▸ **Exercise requirements**:
Would you copy, word for word, each line from the one with "π R Athletics" to the end of the listing below, skipping all pictures?

▸ **Study material**:

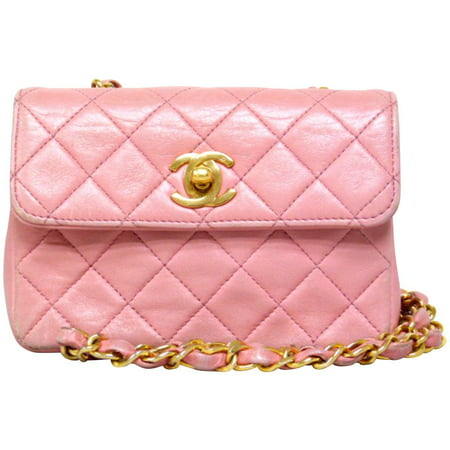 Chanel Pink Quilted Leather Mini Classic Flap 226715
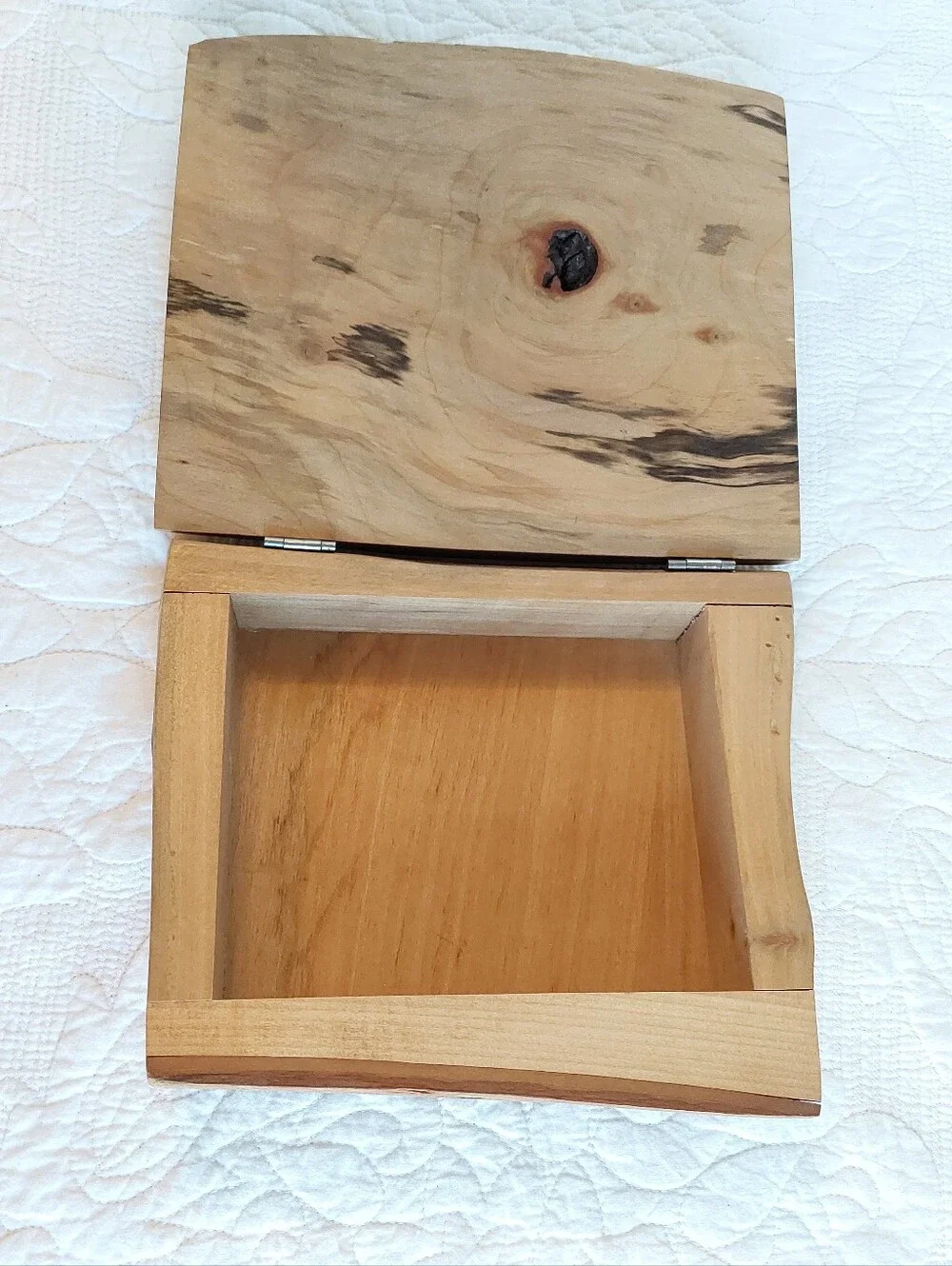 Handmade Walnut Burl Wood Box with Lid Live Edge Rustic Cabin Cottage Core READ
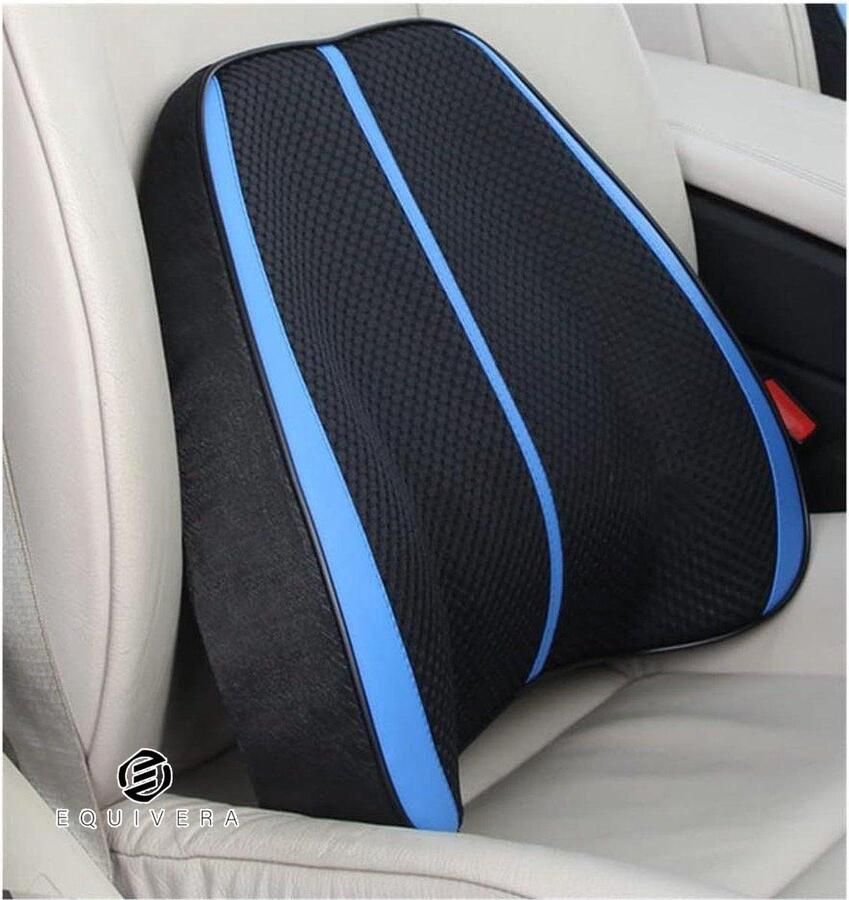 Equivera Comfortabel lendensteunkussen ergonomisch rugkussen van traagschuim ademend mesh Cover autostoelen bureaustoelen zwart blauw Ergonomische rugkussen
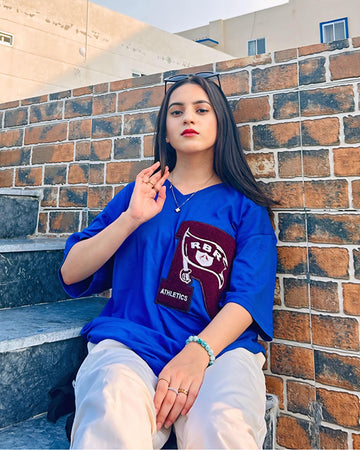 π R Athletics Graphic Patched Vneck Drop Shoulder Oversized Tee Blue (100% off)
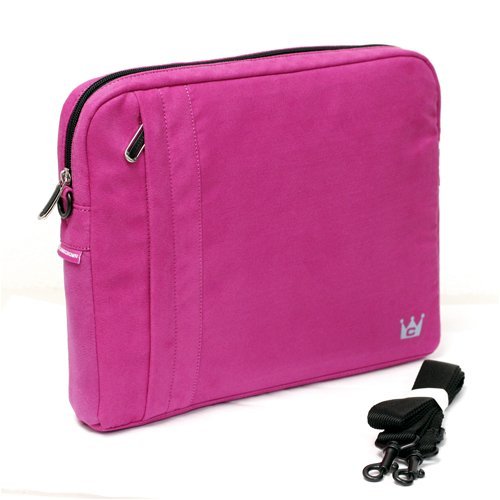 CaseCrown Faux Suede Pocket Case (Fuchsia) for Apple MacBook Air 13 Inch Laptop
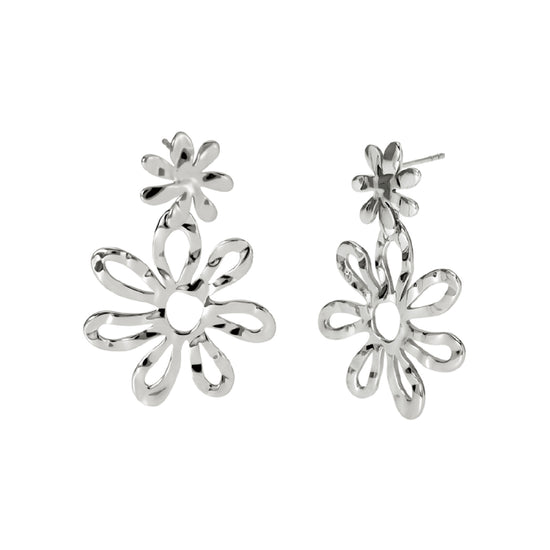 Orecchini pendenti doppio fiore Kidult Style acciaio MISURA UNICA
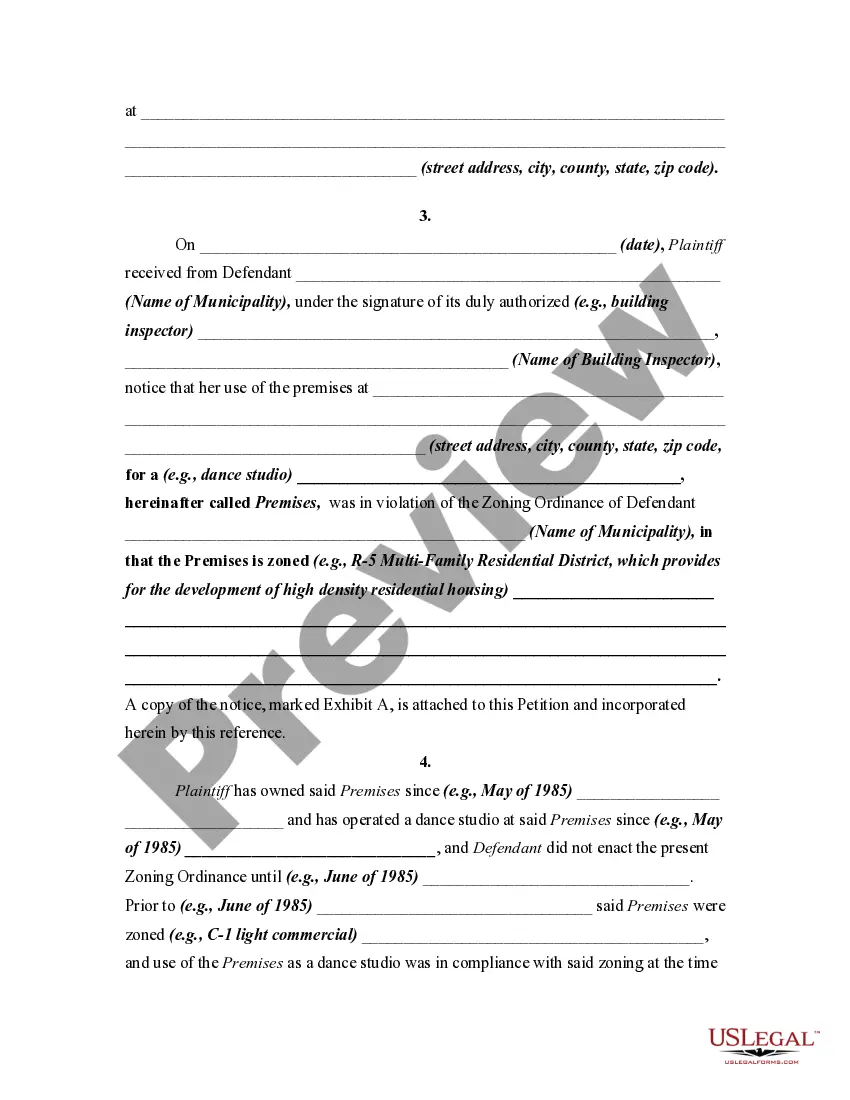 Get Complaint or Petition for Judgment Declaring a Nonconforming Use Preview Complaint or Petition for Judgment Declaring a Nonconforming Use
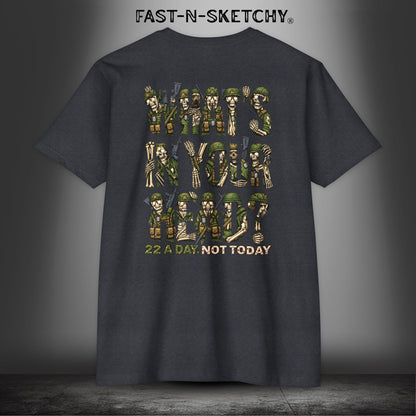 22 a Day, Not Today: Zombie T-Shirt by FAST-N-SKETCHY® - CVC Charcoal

▸ **Result below**:
 π R Athletics Graphic Patched Vneck Drop Shoulder Oversized Tee Blue (100% off)
 CaseCrown Faux Suede Pocket Case (Fuchsia) for Apple MacBook Air 13 Inch Laptop
 Orecchini pendenti doppio fiore Kidult Style acciaio MISURA UNICA
 Get Complaint or Petition for Judgment Declaring a Nonconforming Use Preview Complaint or Petition for Judgment Declaring a Nonconforming Use
 22 a Day, Not Today: Zombie T-Shirt by FAST-N-SKETCHY® - CVC Charcoal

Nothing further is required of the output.